DATA TO USE

────────────────────

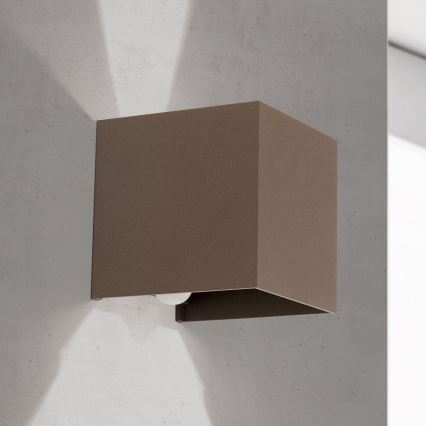 Lauko sieninis šviestuvas su judesio ir sutemų jutikliu CUBE-S LED/13W/230V IP54 ruda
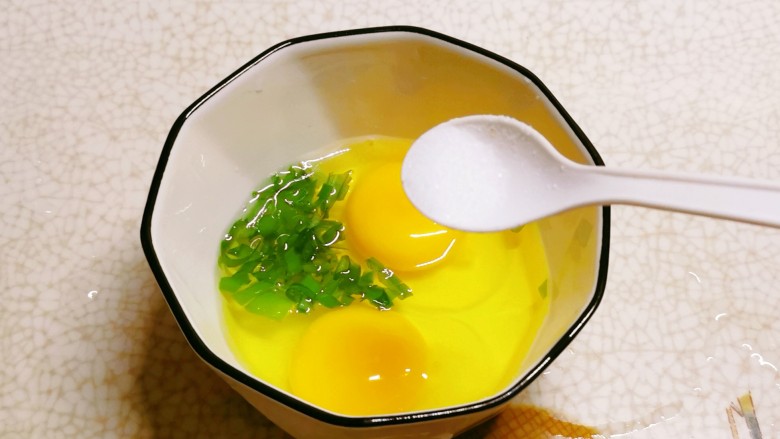 秋葵煎蛋,加入盐调味。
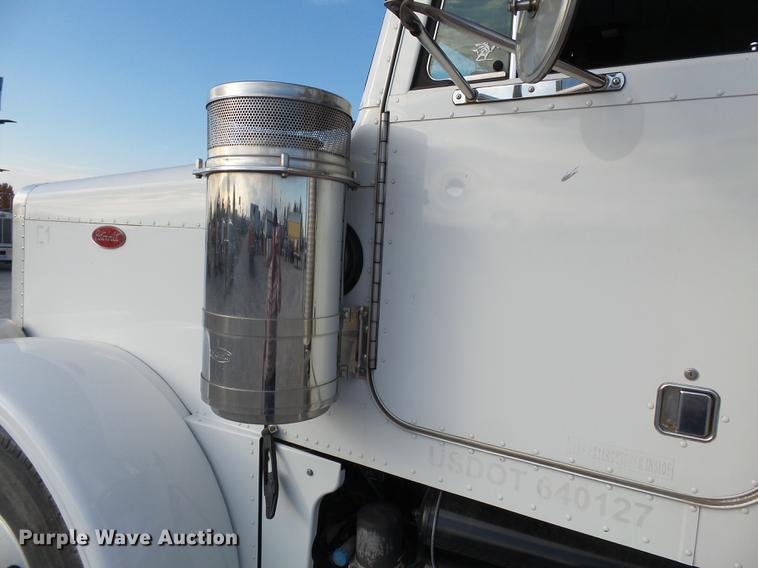 image for item DA2459 2005 Peterbilt 379 semi truck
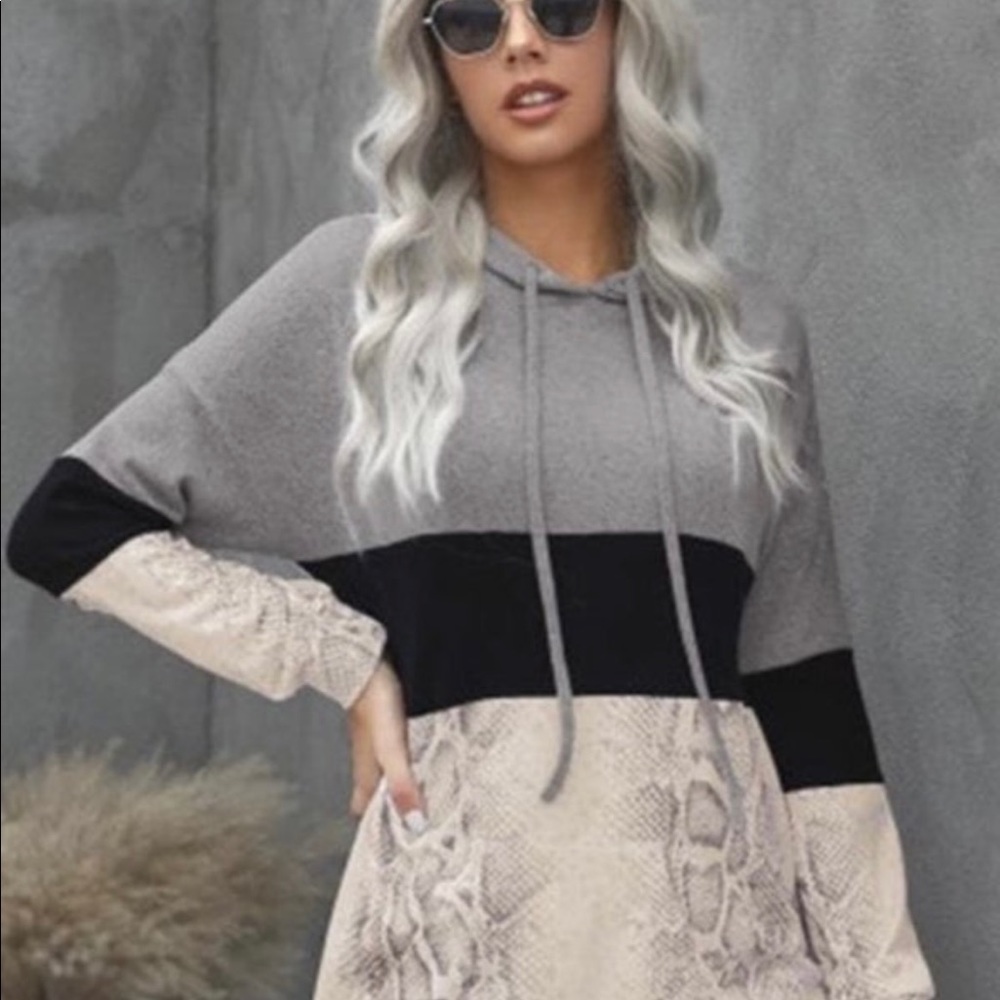 Tracies XL long light weight hoodie. Multi color and snake print.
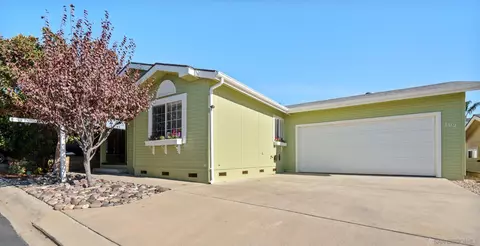Exterior - 15935 Spring Oaks Rd #102, El Cajon, CA 92021 photo 2 of 6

────────────────────

EXERCISE OBJECTIVE
Lines from the one with "秋葵煎蛋,加入盐调味。" through the final line of the listing above: copy them exactly, both ends included, and omit every picture.

RESULT BELOW
 秋葵煎蛋,加入盐调味。
 image for item DA2459 2005 Peterbilt 379 semi truck
 Tracies XL long light weight hoodie. Multi color and snake print.
Exterior - 15935 Spring Oaks Rd #102, El Cajon, CA 92021 photo 2 of 6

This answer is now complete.